Problem to work on :: From top to bottom, retype the data exactly, passing over any picture.

Collected material ::
....
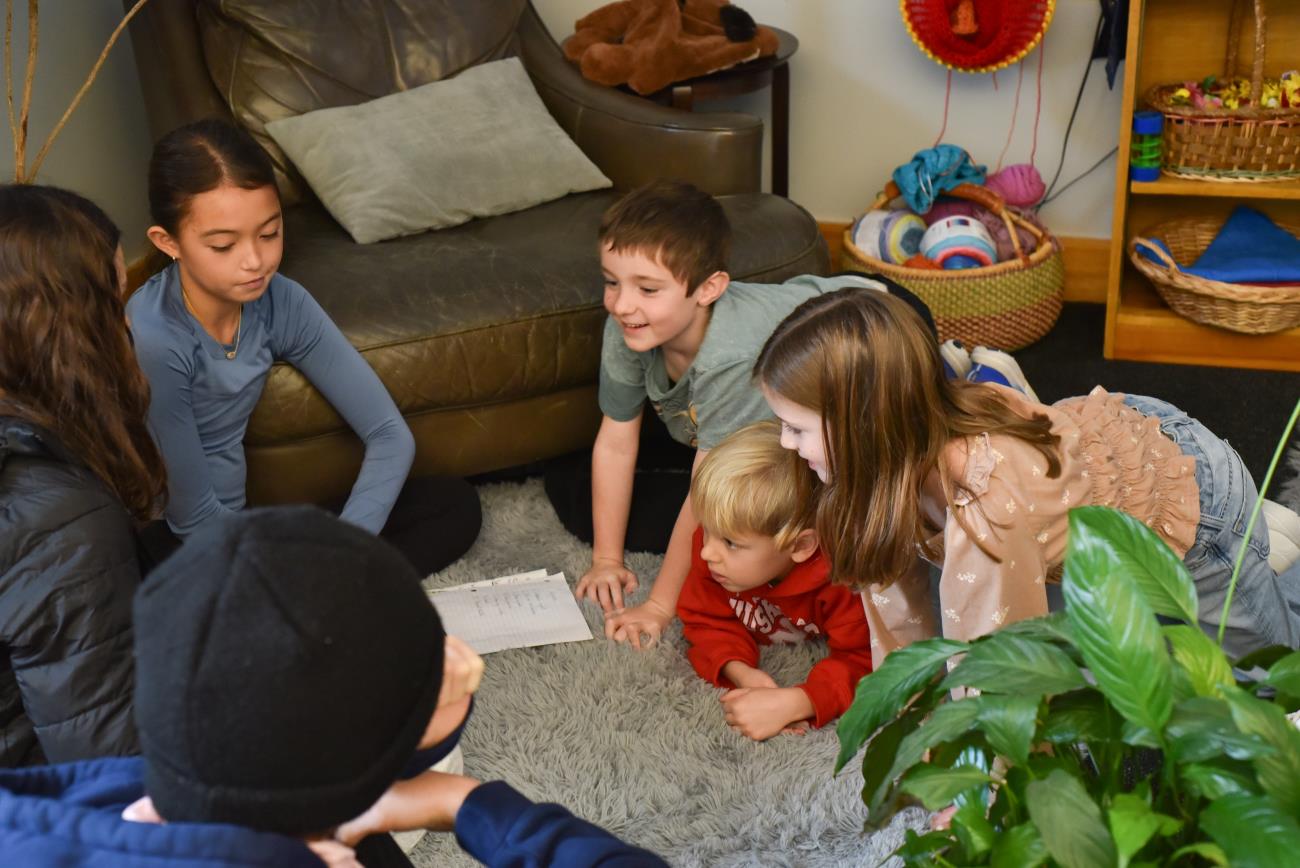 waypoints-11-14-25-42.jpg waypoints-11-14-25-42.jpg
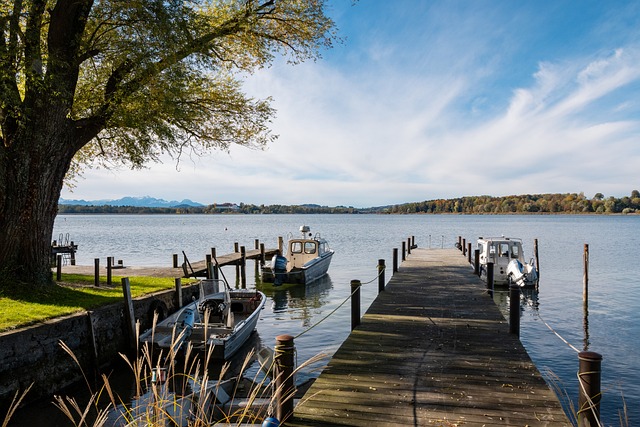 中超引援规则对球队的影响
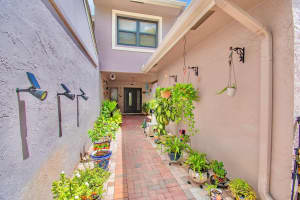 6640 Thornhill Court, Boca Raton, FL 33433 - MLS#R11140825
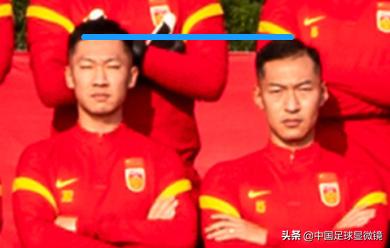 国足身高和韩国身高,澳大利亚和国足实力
....
Written reply ::
 waypoints-11-14-25-42.jpg waypoints-11-14-25-42.jpg
 中超引援规则对球队的影响
 6640 Thornhill Court, Boca Raton, FL 33433 - MLS#R11140825
 国足身高和韩国身高,澳大利亚和国足实力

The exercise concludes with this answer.